Records from a dataset
★ ★ ★ ★

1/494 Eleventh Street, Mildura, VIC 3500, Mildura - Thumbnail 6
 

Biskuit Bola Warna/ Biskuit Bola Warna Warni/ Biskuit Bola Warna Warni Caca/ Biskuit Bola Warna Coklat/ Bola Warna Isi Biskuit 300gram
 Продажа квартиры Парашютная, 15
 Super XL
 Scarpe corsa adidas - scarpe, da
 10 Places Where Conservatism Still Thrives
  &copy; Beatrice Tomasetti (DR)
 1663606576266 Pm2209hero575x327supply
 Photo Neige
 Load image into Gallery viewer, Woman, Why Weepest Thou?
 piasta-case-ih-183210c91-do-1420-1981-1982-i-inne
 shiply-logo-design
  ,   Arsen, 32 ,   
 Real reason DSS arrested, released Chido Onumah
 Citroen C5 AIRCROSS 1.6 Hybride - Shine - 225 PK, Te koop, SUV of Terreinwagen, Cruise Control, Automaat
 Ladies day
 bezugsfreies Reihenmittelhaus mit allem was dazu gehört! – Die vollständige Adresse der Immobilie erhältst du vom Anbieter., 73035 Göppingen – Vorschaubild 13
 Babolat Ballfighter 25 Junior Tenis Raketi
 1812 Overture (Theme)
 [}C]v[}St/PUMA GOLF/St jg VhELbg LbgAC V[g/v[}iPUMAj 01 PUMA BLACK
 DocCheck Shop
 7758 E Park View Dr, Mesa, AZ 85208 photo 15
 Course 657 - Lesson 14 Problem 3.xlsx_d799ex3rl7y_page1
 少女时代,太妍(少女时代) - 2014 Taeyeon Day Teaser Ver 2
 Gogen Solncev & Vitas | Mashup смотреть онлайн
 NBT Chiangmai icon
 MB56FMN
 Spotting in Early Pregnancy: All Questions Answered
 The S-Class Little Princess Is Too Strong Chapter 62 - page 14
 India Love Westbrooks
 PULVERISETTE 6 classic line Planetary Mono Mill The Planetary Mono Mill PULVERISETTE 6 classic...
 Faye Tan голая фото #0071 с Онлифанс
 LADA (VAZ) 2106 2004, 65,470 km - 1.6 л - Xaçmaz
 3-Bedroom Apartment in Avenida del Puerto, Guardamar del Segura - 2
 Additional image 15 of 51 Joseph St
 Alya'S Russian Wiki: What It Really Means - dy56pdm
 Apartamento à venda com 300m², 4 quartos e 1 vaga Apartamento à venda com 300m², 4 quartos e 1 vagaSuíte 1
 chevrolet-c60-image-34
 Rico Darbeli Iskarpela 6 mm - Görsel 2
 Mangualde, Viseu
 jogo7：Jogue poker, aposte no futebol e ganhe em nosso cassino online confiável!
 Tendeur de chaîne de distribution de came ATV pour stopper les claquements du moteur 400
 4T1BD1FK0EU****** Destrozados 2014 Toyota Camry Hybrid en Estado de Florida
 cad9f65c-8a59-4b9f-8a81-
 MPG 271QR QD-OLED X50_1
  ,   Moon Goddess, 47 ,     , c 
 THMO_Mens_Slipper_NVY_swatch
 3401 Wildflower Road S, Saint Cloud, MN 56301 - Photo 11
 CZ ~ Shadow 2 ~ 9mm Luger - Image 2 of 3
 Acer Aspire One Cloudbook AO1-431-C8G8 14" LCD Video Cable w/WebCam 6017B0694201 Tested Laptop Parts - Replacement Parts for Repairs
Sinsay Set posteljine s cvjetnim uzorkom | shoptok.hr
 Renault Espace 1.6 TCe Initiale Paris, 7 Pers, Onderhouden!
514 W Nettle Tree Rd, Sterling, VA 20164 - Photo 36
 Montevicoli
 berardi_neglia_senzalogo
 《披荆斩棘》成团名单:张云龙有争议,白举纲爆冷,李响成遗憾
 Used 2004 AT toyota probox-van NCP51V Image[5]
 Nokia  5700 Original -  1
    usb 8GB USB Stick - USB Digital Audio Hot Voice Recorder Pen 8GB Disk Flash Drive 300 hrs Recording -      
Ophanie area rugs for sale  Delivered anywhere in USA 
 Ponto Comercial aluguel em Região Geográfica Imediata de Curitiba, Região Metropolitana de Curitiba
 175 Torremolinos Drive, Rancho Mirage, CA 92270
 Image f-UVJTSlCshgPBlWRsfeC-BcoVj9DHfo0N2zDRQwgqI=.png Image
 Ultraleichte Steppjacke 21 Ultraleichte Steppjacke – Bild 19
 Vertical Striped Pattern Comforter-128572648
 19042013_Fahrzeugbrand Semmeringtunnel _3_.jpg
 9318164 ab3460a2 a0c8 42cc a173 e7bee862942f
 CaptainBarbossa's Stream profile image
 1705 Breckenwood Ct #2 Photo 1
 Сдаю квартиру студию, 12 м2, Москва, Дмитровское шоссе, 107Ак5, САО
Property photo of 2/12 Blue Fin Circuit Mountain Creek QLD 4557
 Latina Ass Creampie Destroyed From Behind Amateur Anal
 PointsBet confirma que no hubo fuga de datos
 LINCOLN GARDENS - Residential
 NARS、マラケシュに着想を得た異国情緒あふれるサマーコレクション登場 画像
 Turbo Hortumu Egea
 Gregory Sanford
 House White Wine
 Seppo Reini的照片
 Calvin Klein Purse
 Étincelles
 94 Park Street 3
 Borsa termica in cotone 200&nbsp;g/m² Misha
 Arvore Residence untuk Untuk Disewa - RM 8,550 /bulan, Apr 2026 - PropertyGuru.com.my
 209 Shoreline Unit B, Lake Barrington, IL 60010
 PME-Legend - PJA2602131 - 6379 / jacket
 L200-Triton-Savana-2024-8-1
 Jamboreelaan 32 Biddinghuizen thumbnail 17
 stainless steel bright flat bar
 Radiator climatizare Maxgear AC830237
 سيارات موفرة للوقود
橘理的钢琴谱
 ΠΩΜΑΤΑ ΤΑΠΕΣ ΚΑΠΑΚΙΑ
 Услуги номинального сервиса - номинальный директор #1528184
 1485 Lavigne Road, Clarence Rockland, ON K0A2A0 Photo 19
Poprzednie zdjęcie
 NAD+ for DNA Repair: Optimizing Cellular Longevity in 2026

★ ★ ★ ★

What is expected
Look above for the line with "514 W Nettle" and the line with "Image f-UVJTSlCshgPBlWRsfeC-BcoVj9DHfo0N2zDRQwgqI=.png Image"; transcribe both and all lines in between, exactly, and nothing else.

Problem solution
514 W Nettle Tree Rd, Sterling, VA 20164 - Photo 36
 Montevicoli
 berardi_neglia_senzalogo
 《披荆斩棘》成团名单:张云龙有争议,白举纲爆冷,李响成遗憾
 Used 2004 AT toyota probox-van NCP51V Image[5]
 Nokia  5700 Original -  1
    usb 8GB USB Stick - USB Digital Audio Hot Voice Recorder Pen 8GB Disk Flash Drive 300 hrs Recording -      
Ophanie area rugs for sale  Delivered anywhere in USA 
 Ponto Comercial aluguel em Região Geográfica Imediata de Curitiba, Região Metropolitana de Curitiba
 175 Torremolinos Drive, Rancho Mirage, CA 92270
 Image f-UVJTSlCshgPBlWRsfeC-BcoVj9DHfo0N2zDRQwgqI=.png Image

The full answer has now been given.